Polymeric Nanoparticles Based on Tyrosine-Modified, Low Molecular Weight Polyethylenimines for siRNA Delivery
Round 1
Reviewer 1 Report
The article titled “Polymeric nanoparticles based on tyrosine-modified, low molecular weight polyethylenimines for siRNA delivery in vitro and in vivo” describes gene silencing efficacy of PEI based polymeric formulation. Authors should address the following critical points:
-The molecular interpretation and explanation based on hypotheses are two key factors that are missing in the results & discussions part. Also, in section 2.1 authors have given a broad description of the results like a lab note-book format. The discussion has not addressed any figure in proper places.
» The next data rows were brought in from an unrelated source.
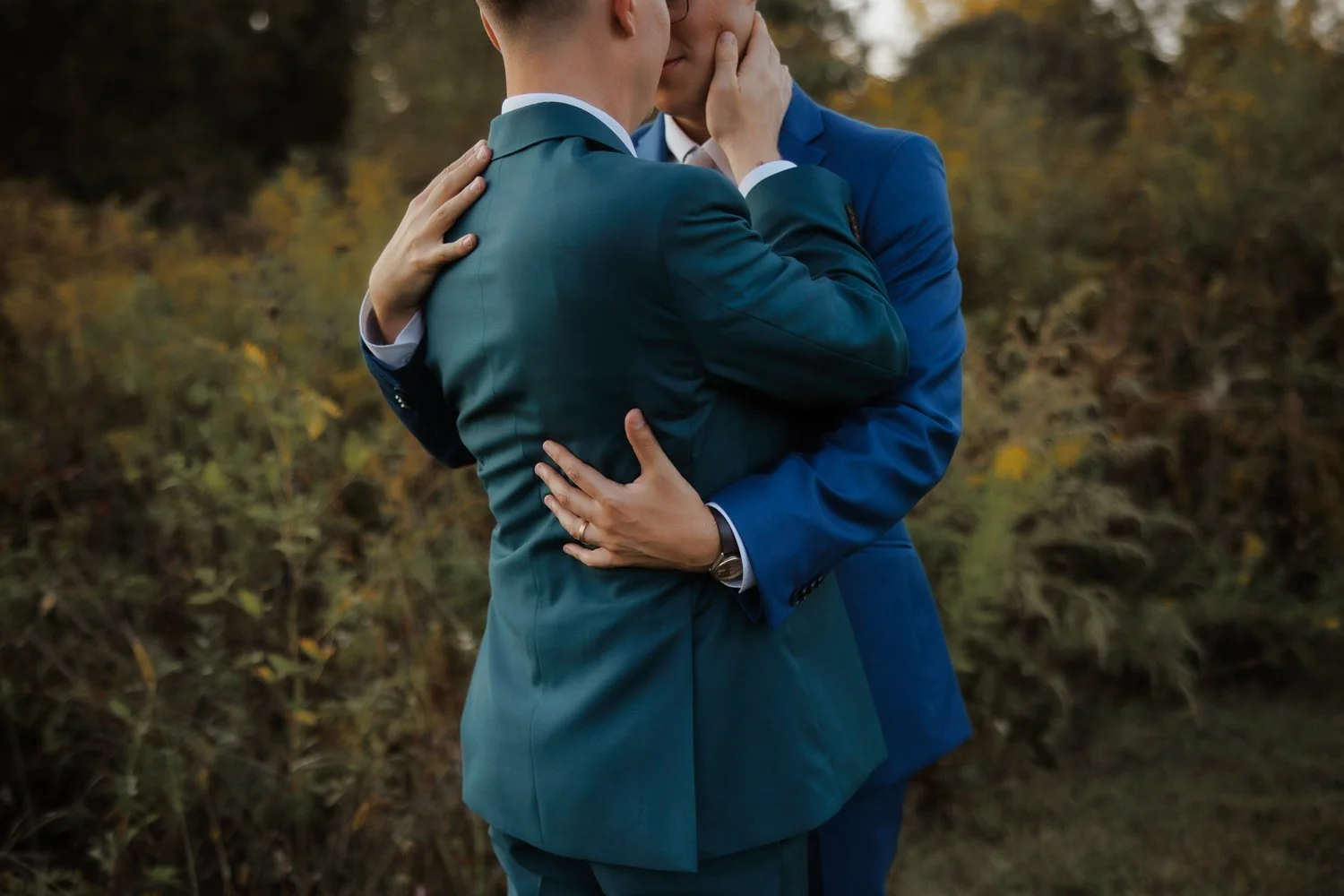 Two grooms in teal and blue suits holding each other close among golden autumn foliage.
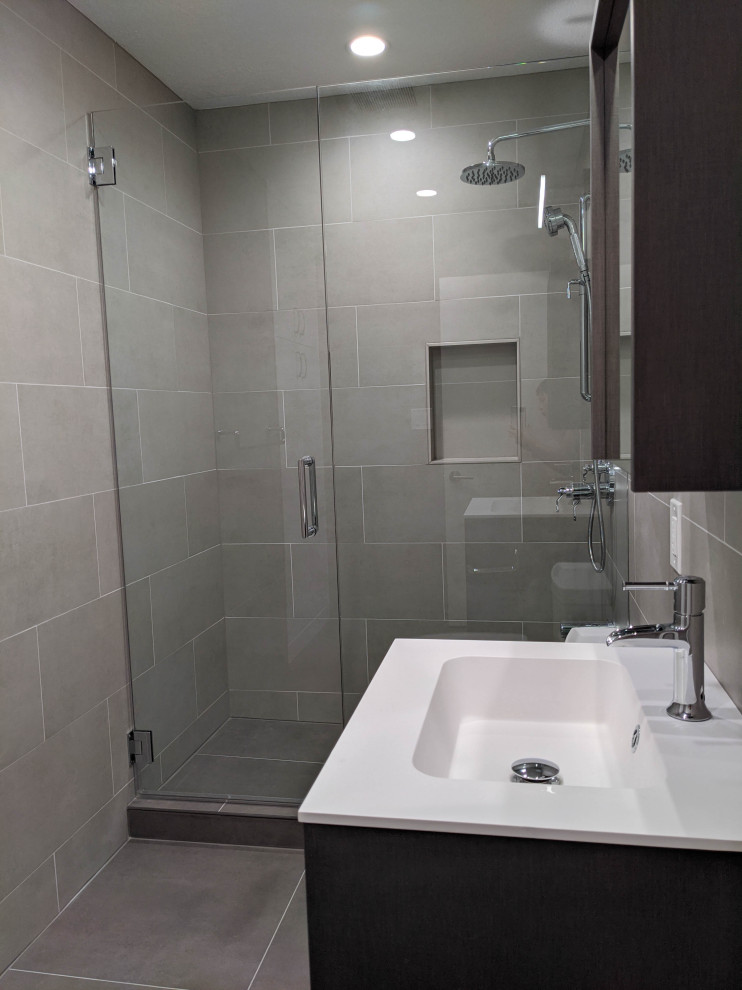 Inredning av ett modernt mellanstort vit vitt badrum med dusch, med släta luckor, bruna skåp, en dusch i en alkov, en toalettstol med separat cisternkåpa, grå kakel, porslinskakel, grå väggar, klinkergolv i porslin, ett integrerad handfat, bänkskiva i akrylsten, grått golv och dusch med gångjärnsdörr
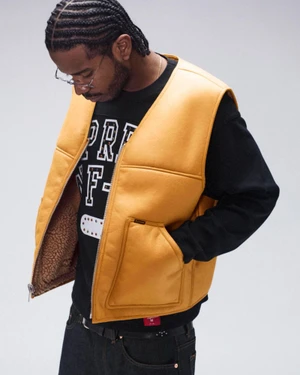 Black man wearing a yellow vest over a black graphic sweatshirt and dark jeans against a neutral white background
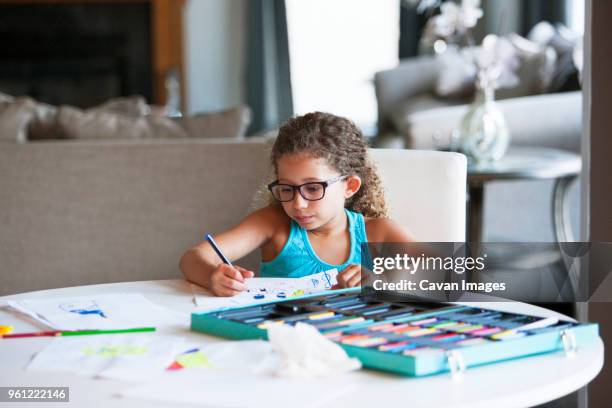 girl coloring with felt tip pen on paper at table - felt tip pen stock-fotos und bilder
So, the readability is very poor and difficult to understand what the novelty of the present work is.
-It is advised to remove the phrase from the title; “in vitro and in vivo” as it is not properly placed.
-Characterization of complexes in section 2.2 should come first (before 2.1).
-P5L190: The statement “while polymeric complexes tend to readily aggregate in aqueous solutions” needs reference.
-Language and grammar corrections needed at some places.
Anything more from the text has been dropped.